Bearish headwinds are picking up in the holiday period, when thinner trading volumes can exacerbate price swings. Demand in Asia is weakening, central banks are shifting toward tighter monetary policy to try to curb accelerating inflation, and President Joe Biden’s economic agenda suffered a setback after Senator Joe Manchin rejected a spending package. .

“We can expect a week of a lot of volatility,” said Jeffrey Halley, senior market analyst at Oanda Asia Pacific Pte. “But it’s dangerous to assume that oil will sink further from here because OPEC + is sitting there watching, and they’ve left room to react very quickly if necessary. ”

Prices
  • Brent for February settlement lost 3.3% to $ 71.07 a barrel on the ICE Futures Europe exchange at 7:35 am London time, after falling 2% on Friday.
    • The fast time spread was 1 cent in backwardation, compared to 30 cents at the beginning of the month.
  • West Texas Intermediate for January delivery, due Monday, fell 3.7% to $ 68.25 on the New York Mercantile Exchange.
    • The most active contract for February fell 3.7% to $ 68.09.

New York State broke a record for new infections and New York City Mayor Bill de Blasio called on the federal government to increase the supply of tests and treatments to the city amid a surge in infections caused by omicron.

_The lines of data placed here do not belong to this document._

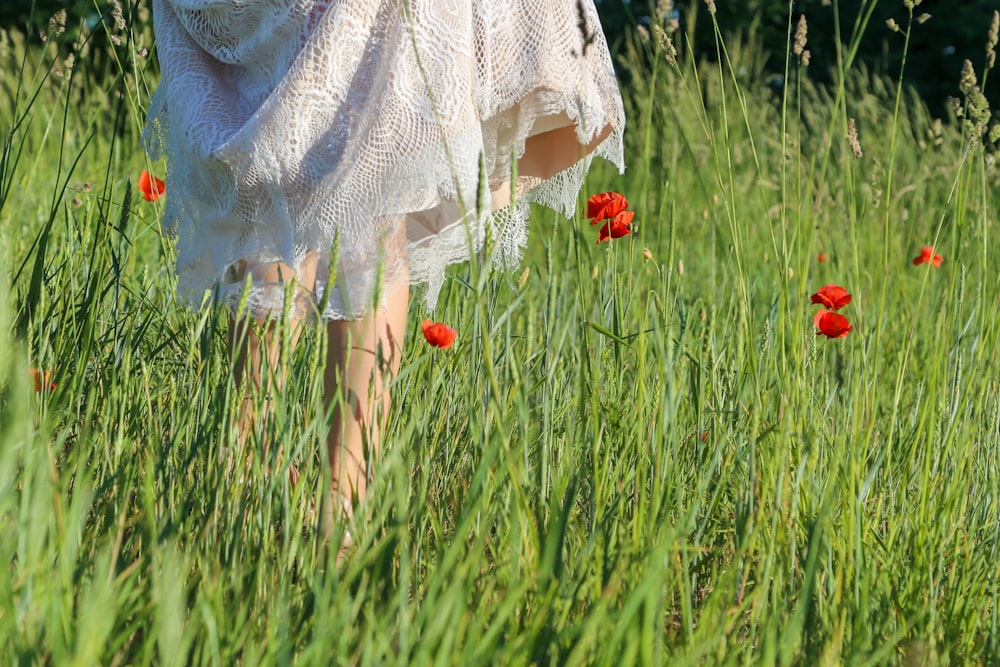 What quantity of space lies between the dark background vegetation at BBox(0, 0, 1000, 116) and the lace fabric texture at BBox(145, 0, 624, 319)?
16.2 ft

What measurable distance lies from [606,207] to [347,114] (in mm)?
388

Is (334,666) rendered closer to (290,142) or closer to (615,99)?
(290,142)

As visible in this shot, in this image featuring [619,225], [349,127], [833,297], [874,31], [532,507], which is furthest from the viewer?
[874,31]

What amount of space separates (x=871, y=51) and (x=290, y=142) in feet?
21.2

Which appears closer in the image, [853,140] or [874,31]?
[853,140]

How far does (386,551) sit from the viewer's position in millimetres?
858

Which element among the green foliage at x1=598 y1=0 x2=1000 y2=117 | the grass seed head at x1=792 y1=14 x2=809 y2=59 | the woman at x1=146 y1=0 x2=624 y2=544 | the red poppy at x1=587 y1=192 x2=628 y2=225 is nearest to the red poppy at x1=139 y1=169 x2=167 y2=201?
the woman at x1=146 y1=0 x2=624 y2=544

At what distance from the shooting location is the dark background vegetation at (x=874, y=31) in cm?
619

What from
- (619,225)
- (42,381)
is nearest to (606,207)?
(619,225)

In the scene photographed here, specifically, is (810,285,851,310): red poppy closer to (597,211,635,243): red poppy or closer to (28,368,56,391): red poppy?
(597,211,635,243): red poppy

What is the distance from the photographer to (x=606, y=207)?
1501mm

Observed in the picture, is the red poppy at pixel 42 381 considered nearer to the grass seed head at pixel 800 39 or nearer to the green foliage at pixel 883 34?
the grass seed head at pixel 800 39

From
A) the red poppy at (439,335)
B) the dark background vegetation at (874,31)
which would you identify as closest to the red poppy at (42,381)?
the red poppy at (439,335)

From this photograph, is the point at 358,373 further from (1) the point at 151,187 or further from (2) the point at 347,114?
(1) the point at 151,187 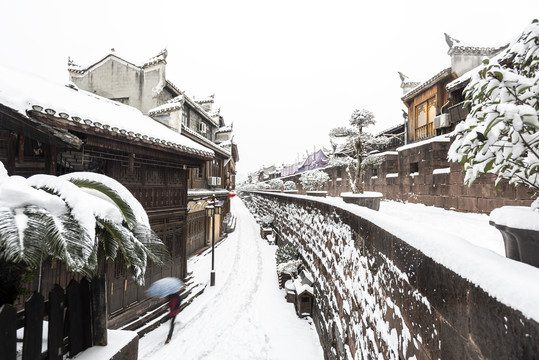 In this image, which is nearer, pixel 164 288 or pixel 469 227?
pixel 469 227

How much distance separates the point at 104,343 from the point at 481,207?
8462mm

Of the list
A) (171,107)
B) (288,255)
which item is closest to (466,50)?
(288,255)

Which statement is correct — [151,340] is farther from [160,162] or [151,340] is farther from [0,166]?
[0,166]

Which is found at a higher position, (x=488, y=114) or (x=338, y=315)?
(x=488, y=114)

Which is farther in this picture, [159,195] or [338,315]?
[159,195]

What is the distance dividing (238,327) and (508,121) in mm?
7377

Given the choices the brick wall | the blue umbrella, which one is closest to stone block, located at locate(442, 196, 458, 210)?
the brick wall

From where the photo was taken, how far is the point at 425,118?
39.2 feet

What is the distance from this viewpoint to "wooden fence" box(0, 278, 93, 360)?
1.49 m

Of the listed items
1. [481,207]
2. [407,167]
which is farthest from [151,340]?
[407,167]

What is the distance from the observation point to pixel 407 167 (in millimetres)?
9836

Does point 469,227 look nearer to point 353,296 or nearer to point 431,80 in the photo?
point 353,296

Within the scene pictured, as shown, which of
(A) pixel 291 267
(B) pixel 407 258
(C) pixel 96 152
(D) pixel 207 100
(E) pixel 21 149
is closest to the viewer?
(B) pixel 407 258

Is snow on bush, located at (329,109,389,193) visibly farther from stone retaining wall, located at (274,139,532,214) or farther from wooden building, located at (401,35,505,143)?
wooden building, located at (401,35,505,143)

The Dutch government announced plans to enforce a stricter lockdown, while Germany’s health minister warned of another wave of viruses caused by omicron.

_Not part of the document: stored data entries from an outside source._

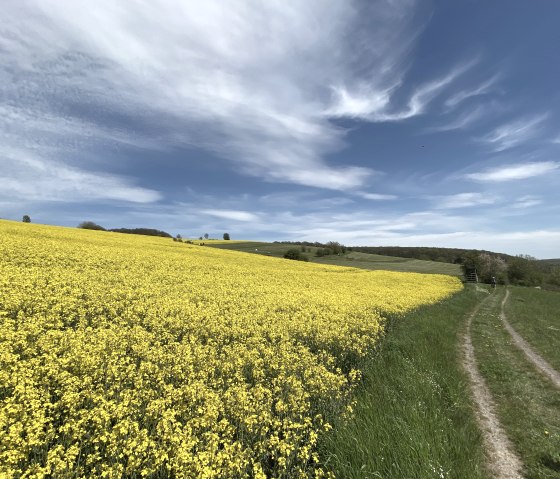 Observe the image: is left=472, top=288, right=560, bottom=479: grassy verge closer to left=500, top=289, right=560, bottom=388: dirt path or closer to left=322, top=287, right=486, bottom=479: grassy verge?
left=500, top=289, right=560, bottom=388: dirt path

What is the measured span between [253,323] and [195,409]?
560 cm

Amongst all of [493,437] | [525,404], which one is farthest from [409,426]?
[525,404]

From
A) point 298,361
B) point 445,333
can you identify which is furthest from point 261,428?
point 445,333

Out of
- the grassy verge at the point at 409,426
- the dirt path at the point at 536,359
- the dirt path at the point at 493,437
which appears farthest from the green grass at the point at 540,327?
the grassy verge at the point at 409,426

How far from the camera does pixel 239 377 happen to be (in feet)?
24.5

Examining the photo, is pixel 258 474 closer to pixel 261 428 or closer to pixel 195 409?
pixel 261 428

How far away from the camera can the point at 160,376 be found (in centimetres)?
679

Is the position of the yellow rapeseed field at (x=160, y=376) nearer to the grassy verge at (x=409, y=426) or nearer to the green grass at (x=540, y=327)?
the grassy verge at (x=409, y=426)

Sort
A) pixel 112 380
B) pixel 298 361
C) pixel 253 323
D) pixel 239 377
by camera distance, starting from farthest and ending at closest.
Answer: pixel 253 323
pixel 298 361
pixel 239 377
pixel 112 380

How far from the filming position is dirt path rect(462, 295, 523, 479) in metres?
6.18

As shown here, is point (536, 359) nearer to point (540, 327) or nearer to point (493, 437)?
point (493, 437)

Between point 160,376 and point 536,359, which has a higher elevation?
point 160,376

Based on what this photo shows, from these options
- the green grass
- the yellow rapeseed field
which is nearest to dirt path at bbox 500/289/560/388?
the green grass

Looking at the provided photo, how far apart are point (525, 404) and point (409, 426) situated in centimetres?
496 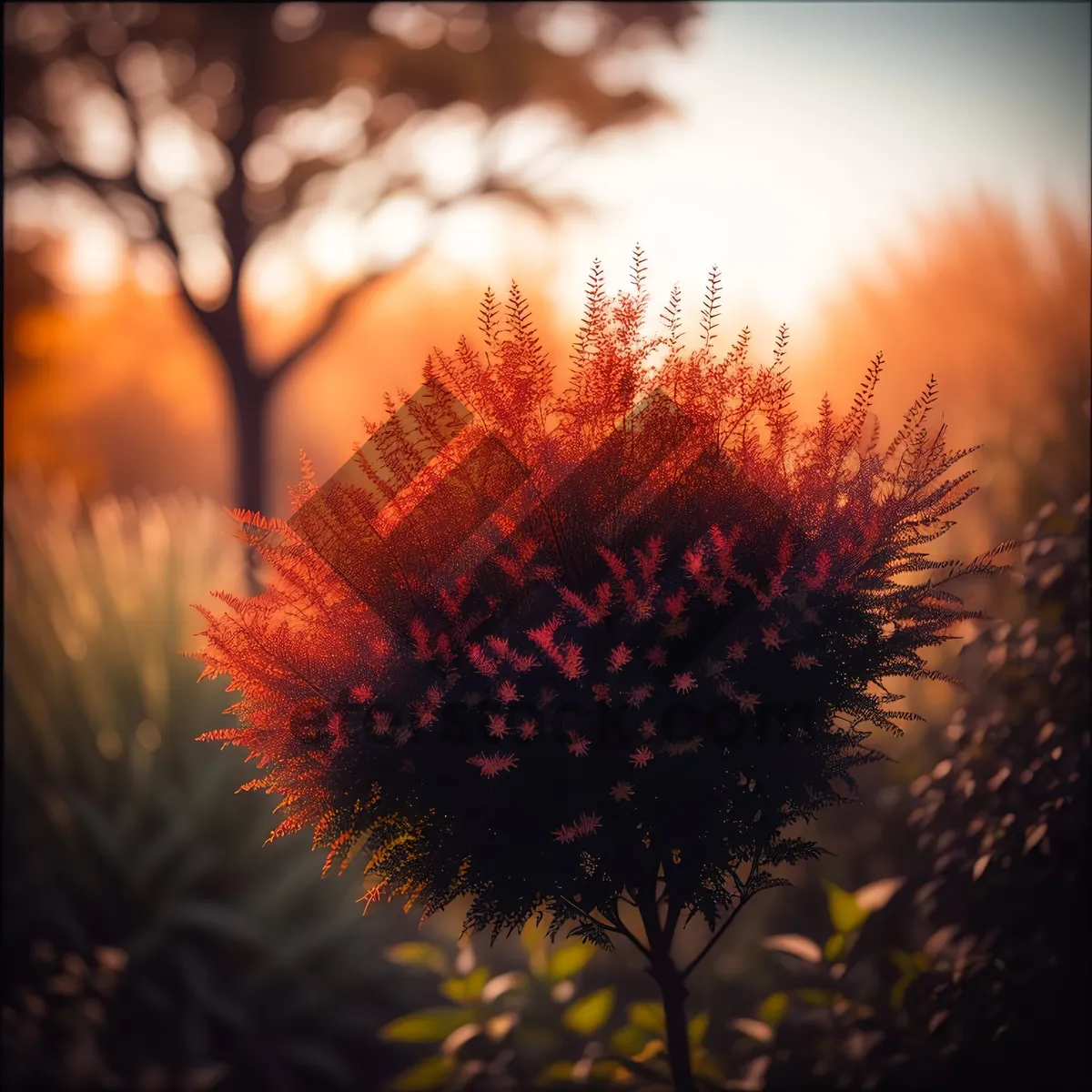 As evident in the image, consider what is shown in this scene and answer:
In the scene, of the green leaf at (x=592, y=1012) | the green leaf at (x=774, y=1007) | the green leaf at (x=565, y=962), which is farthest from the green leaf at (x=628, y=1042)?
the green leaf at (x=774, y=1007)

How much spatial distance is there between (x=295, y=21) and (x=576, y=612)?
11144 mm

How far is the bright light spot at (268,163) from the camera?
36.6 ft

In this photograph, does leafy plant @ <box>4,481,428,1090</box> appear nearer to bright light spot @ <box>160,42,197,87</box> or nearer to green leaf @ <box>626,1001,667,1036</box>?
green leaf @ <box>626,1001,667,1036</box>

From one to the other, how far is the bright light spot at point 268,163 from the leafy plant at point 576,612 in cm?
1089

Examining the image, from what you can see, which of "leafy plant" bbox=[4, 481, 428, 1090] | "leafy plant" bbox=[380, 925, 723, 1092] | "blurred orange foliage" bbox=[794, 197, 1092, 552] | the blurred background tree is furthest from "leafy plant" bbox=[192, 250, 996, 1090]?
the blurred background tree

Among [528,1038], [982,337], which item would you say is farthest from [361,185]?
[528,1038]

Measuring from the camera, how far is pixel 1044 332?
23.9 feet

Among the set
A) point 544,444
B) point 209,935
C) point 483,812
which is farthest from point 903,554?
point 209,935

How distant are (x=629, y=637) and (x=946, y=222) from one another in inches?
340

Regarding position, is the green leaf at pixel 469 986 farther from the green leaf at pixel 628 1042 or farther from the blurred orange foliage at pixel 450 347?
the blurred orange foliage at pixel 450 347

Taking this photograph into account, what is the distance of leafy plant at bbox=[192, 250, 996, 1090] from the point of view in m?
1.55

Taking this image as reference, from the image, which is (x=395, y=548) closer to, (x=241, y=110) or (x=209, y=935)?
(x=209, y=935)

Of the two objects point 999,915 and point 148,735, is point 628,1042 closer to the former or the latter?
point 999,915

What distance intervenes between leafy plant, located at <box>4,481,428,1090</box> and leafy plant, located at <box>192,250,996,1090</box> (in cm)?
284
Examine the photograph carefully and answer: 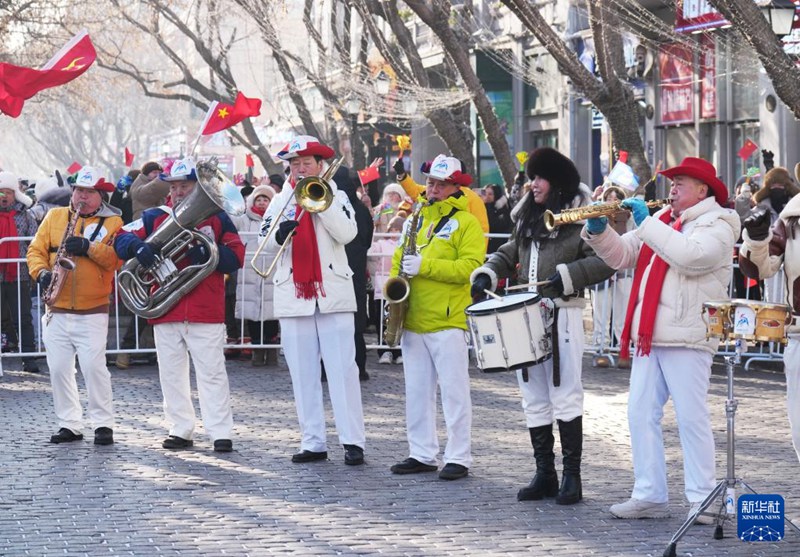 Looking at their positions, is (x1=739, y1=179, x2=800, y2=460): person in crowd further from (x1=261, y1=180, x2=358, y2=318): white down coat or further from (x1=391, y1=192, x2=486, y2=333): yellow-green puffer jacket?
(x1=261, y1=180, x2=358, y2=318): white down coat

Other news from the oil market:
  • The Biden Administration’s release of crude from US emergency reserves to cool the oil rally will move into a second round, with offers to be submitted by the first business day of the year.
  • Equinor ASA will drill around 25 exploration wells off the coast of Norway next year in a bet that it will be among the last companies to continue producing oil and gas when the world has reached net zero emissions.
  • Libya may introduce contracts with private oil companies that would award bonuses to those who meet the targets and penalize those who do not.